NSA monitoring is nothing new


By Thomas Scott

When first I read about PRISM, as well as other programs whose details were leaked by Edward Snowden, I was not surprised.

PRISM, for the uninitiated, was the name of the effort on the part of the National Security Agency to collect millions of Americans’ personal data through mass electronic surveillance and collaboration with leading technology firms.

The United States government has engaged in this type of espionage, in one way or another, for close to a century.

The first instance in which the government aggregated private communications began shortly after World War I.

Operated by what was then called the Cipher Bureau, the office was known as the Black Chamber and its initial purpose was to monitor the private communications of foreign government officials.

The clandestine organization even persuaded one of the leading telecommunications firms of the day, Western Union, to let the U.S government tap into its telegraph service in order to eavesdrop on foreign communiqués.

Henry Stimson shut down the program in 1929 after asserting, “gentlemen do not read each other’s mail.”

Despite this initial setback, surveillance of telegrams began anew during World War II.

This culminated in the development of project SHAMROCK in August of 1945.

The primary goal of SHAMROCK was to copy and disseminate every telegram coming into and going out of the country.

After its founding in 1952, the NSA became responsible for the physical interception of telegrams again with the cooperation of Western Union, in addition to Radio Corporation of America and the International Telephone and Telegraph Corp.

Instead of the modern day datacenters that constitute the backbone of PRISM, telegrams were recorded on microfilm and passed along to members of the intelligence community, such as the CIA and FBI.

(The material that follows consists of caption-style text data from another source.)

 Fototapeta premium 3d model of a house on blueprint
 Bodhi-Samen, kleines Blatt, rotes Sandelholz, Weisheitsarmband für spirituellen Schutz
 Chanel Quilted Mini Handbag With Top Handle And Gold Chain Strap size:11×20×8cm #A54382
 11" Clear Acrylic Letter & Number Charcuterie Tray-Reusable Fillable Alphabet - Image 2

At the program’s peak, the NSA collected and picked apart an estimated 150,000 telegrams each month.

Much like modern day Tweets or texting, which confine the message to 140 and 160 characters respectively, most telegrams were limited to 150 characters in length.

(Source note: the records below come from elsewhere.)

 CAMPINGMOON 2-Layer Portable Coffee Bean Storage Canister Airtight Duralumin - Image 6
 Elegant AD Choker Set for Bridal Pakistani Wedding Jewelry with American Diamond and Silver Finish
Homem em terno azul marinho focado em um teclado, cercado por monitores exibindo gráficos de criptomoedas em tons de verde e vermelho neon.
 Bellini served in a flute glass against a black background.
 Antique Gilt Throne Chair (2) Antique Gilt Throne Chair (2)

Messages were converted to a system known as Morse code, which consists of short bursts, called dots, and long bursts, called dashes.

Telegraphy was the equivalent of World Wide Web to people in the late 19th and early 20th centuries, because it was a technology that shrunk the world.

By 1902 for example, Great Britain was linked to all of her colonies via telegraph, through what was referred to as the All Red Line.

During the Church Committee hearings, Senator Frank Church remarked that project SHAMROCK was most likely “the largest government interception program affecting Americans ever undertaken” up to that point.

During MINARET, which ran from 1967 to 1973 alongside SHAMROCK, the NSA wiretapped the phones of 1,650 American citizens, who had been placed on so-called watch lists by members of the intelligence community.

Monitored people included figures such as Frank Church, Dr. Martin Luther King Jr., Muhammad Ali and Jane Fonda.

MINARET also eavesdropped on the phone calls of 5,925 foreign nationals.

In 1978, the Foreign Intelligence Surveillance Act was passed by Congress in an effort to reign in the agency’s excesses by limiting its ability to eavesdrop on people within the United States.

If there is one idea that you, the reader, should take away from this article, it is that domestic electronic surveillance is nothing new and has continued to grow despite efforts to prevent it from penetrating into our everyday lives.

If that last part doesn’t bother you, perhaps you’ll agree with the Domestic Surveillance Directorate of the NSA’s motto, which states that: “If you have nothing to hide, you have nothing to fear.”